Tindak Lanjut 10. Berdasarkan pengamatan dari pengembangan mekanisasi pertanian selama ini, terdapat beberapa pembelajaran yang perlu mendapat perhatian, diantaranya: a. Kebijakan komprehensif berbasis rantai nilai diperlukan dalam mendisain pengembangan mekanisasi pertanian, dengan cakupan meliputi aspek pembinaan UPJA, dukungan bengkel/rekayasa alsintan, dukungan permodalan atau lembaga pembiayaan, dan perdagangan/pemasaran hasil pertanian. b. Berkembangnya alsintan tentu tidak lepas dari interaksi ketiga pihak yaitu; pemerintah sebagai penyedia (pemberi) bantuan alsintan, UPJA sebagai penyedia jasa, dan petani/kelompok tani sebagai penguna alsintannya itu sendiri. Oleh karena itu, perlu disusun peta jalan atau Road Map mengenai kebijakan yang tepat atas penyediaan alsintan secara terencana dan sifatnya berkelanjutan. c. Pendataan alsintan (Pemetaan) yang ada di lapangan saat ini diperlukan untuk merancang kebijakan pengembangan mekanisasi pertanian, termasuk pengadaan dan pendistribusian alsintan. Informasi yang dicatat antara lain adalah jenis, tahun pembuatan, kapasitas, ketersediaan tempat workshop/ begkel. Selain itu, juga diperlukan pendataan (peta) wilayah potensial mekanisasi pertanian dan jenis serta ukuran alsintan yang cocok dengan kondisi di lapangan. Penyusunan Peta Alsintan dapat dilakukan dengan memobilisasi kelembagaan Balai Pengkajian teknologi Pertanian (BPTP) di setiap provinsi. d. Alsintan yang didistribusikan seyogyanya dapat beroperasi layak secara teknis dan ekonomis, dan sesuai dengan kebutuhan petani dan kondisi agroekosistem. Untuk petani/kelompok tani dengan anggota terbatas, sebaiknya didistribusikan alsintan yang multi fungsi, misalnya mesin untuk traktor didisain dapat juga dimanfaatkan untuk pengering (dryer), dan pompa air, bahkan dapat juga digunakan untuk alat memipil jagung; e. Pendistribusian bantuan secara gratis dalam keadaan normal (bukan darurat) dapat menimbulkan rasa kurang memiliki atas bantuan yang diberikan (dalam hal ini alsintan), menimbulkan ketergantungan akan bantuan serta berharap adanya pemberian lebih lanjut, dan tidak mendorong munculnya inovasi serta memunculkan disinsetif investasi oleh masyarakat/petani. f.

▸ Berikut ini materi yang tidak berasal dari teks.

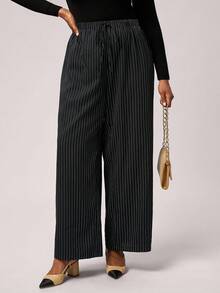 SHEIN Tall CURVE 大码休闲宽松条纹阔腿裤商务休闲女装，适合秋冬季 - 粉色 - 查看 4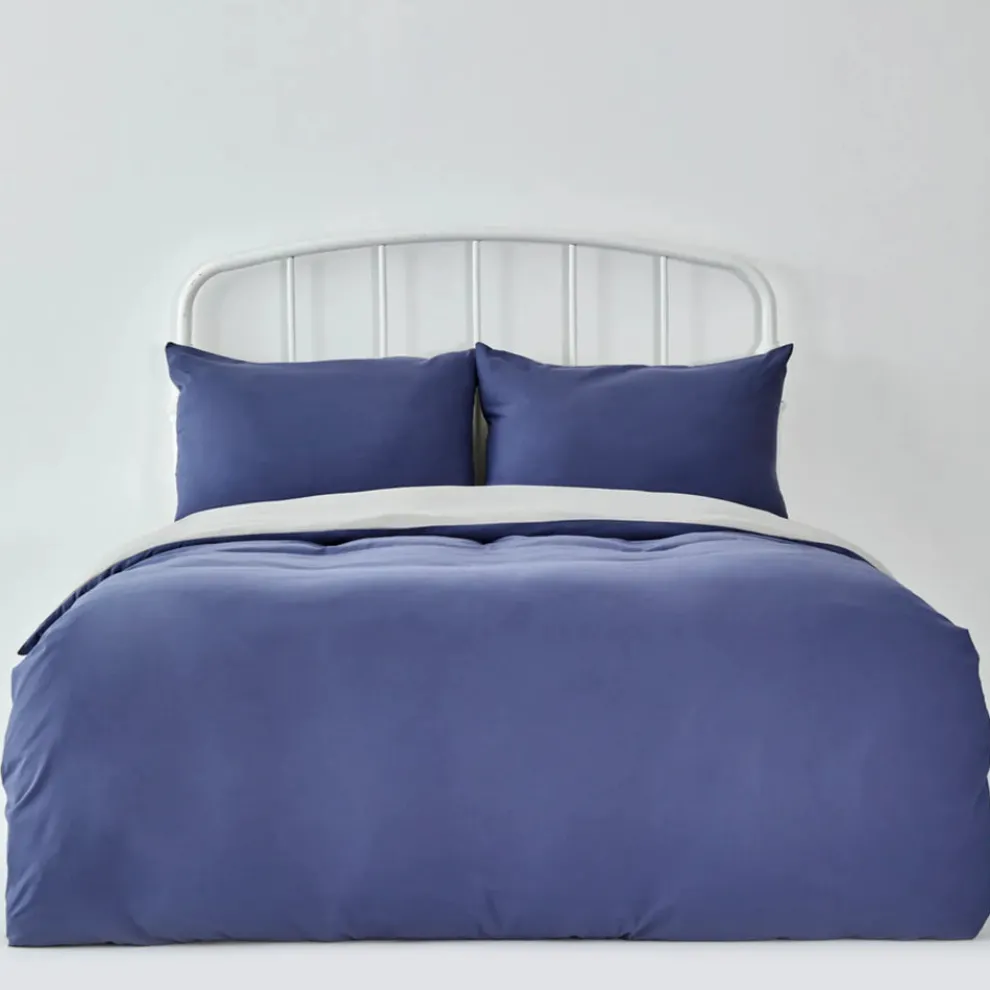 Karaca Home Duvet Cover Set, Double, Navy Blue Grey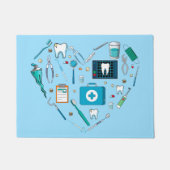 Funny Dental Dentist Tool Heart Deurmat (Voorkant)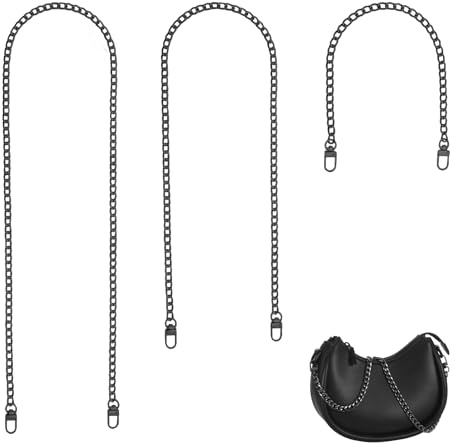 Chanumetal 3 Stück Taschenkette Silber, 40 cm/80 cm/120 cm Silberkette, Metall Schulterriemen für Taschen, Wallet Chain, Taschenriemen, Kette für Tasche Umhängetasche (Schwarz)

SDM berbasis mekanisasi pertanian perlu disiapkan (dilatih dan perubahan kultur), termasuk penyiapan tempat belajar/magang.
g. Karena pentingnya kegiatan "after sale service", pengaturan yang mensyaratkan kegiatan ini dalam pengadaan dan penyaluran alsintan perlu dimasukkan dalam
3
pedoman umum yang dikeluarkan Menteri Pertanian tentang pengadaan dan pendistribusian alsintan. 11. Pengembangan mekanisasi pertanian melalui pengadaan alsintan dapat dilakukan melalui kebijakan yang bersifat jangka pendek dan jangka menengah. Kebijakan yang dapat ditempuh dalam jangka pendek adalah berupa rekonstruksi program, yang mencakup: (a) Paket disusun berbasis kebutuhan penerima, (b) paket alsintan dirancang untuk multi fungsi - multi komoditas; (c) paket dikembangkan dengan sharing system, yaitu bantuan dengan penyertaan kontribusi penerima agar tumbuh rasa kepemilikan yang kuat; (d) pengembangan sistem rantai nilai jasa, yaitu pengembangan bengkel (tidak terintegrasi dengan UPJA), penjual suku cadang, BBM, (e) calon penerima berbasis kompetensi dan kebutuhan, yang berarti tidak dibagi merata atan daerah atau antar petani; dan (f) Perbaikan delivery system. Dalam suatu istilah upaya rekonstruksi tersebut sebagai New Business Model. Adapun dalam jangka menengah yaitu berupa kebijakan dan program komprehensif, yang mencakup: Rantai Nilai, ditambah dengan kebijakan pemberdayaan makro dan sistem inovasi. Untuk merancang kebijakan jangka panjang ini diperlukan sinergi pemikiran bersama.